(Your goal) Go to the line containing "Women's White Fashion" below; retype it and all following lines exactly, and leave out the pictures.

(Dataset)
######

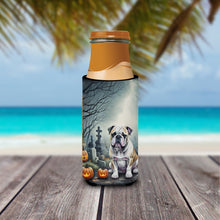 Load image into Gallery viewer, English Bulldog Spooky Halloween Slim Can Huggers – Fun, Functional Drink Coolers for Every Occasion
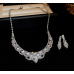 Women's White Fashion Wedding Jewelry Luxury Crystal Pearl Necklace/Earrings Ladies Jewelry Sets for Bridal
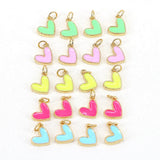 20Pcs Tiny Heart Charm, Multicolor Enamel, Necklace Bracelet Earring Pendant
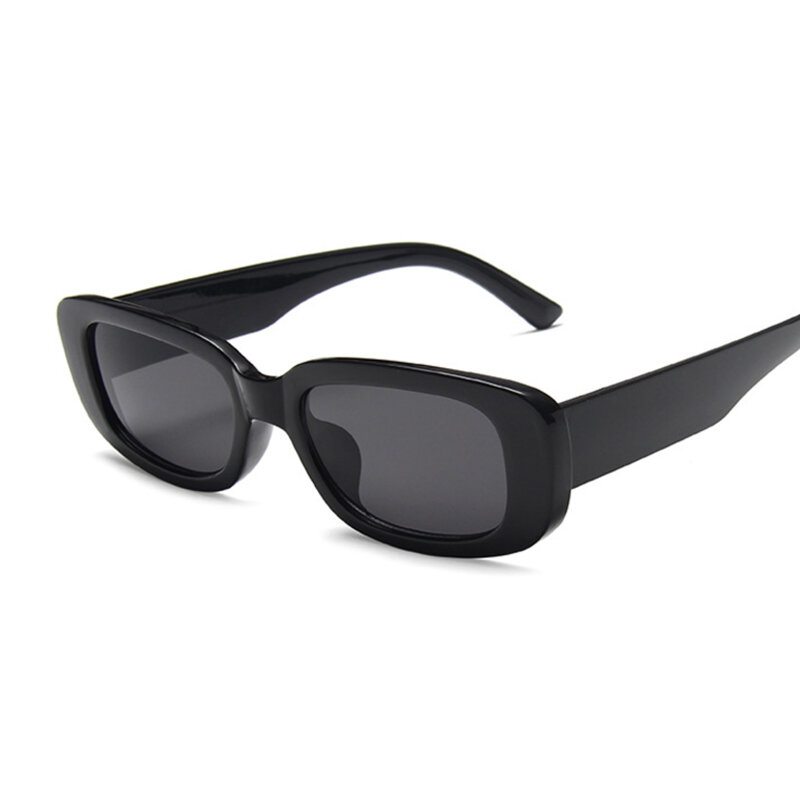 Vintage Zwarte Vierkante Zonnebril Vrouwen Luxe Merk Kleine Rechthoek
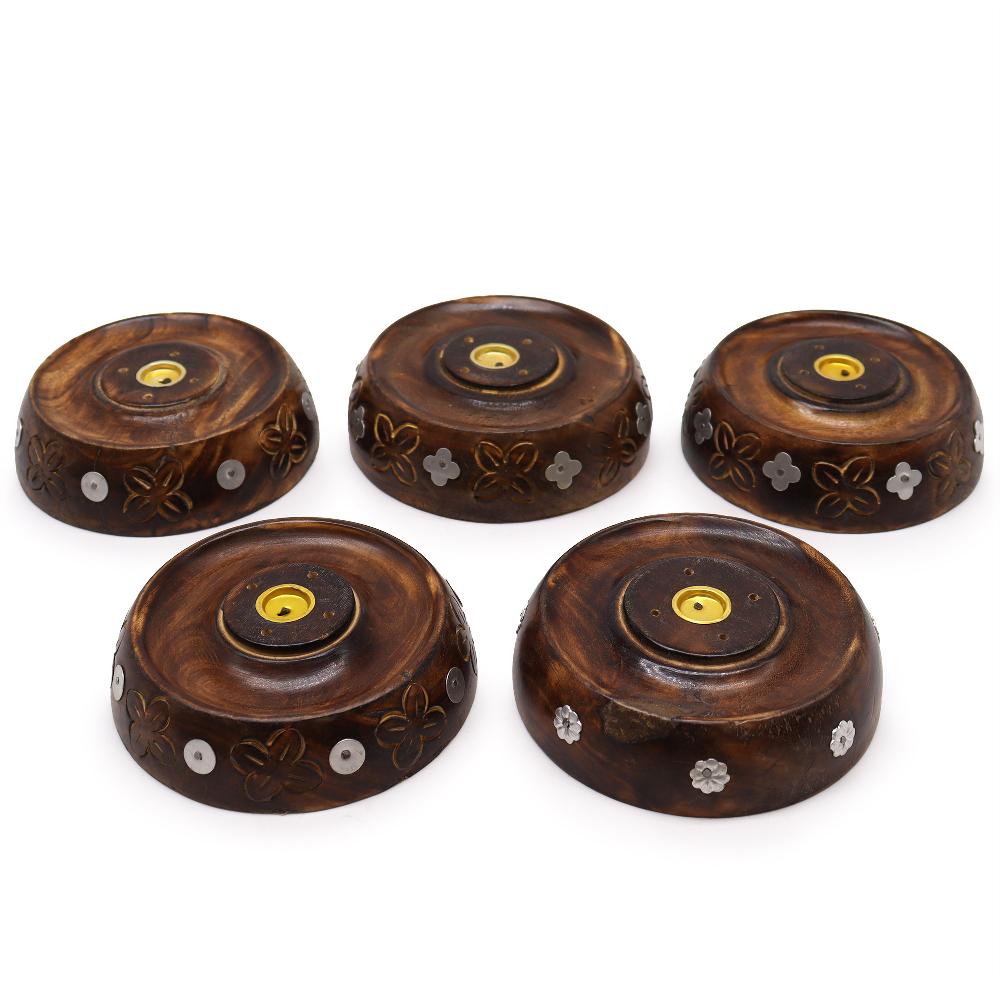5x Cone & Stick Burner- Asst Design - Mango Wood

######

(Answer to the problem)
 Women's White Fashion Wedding Jewelry Luxury Crystal Pearl Necklace/Earrings Ladies Jewelry Sets for Bridal
 20Pcs Tiny Heart Charm, Multicolor Enamel, Necklace Bracelet Earring Pendant
 Vintage Zwarte Vierkante Zonnebril Vrouwen Luxe Merk Kleine Rechthoek
5x Cone & Stick Burner- Asst Design - Mango Wood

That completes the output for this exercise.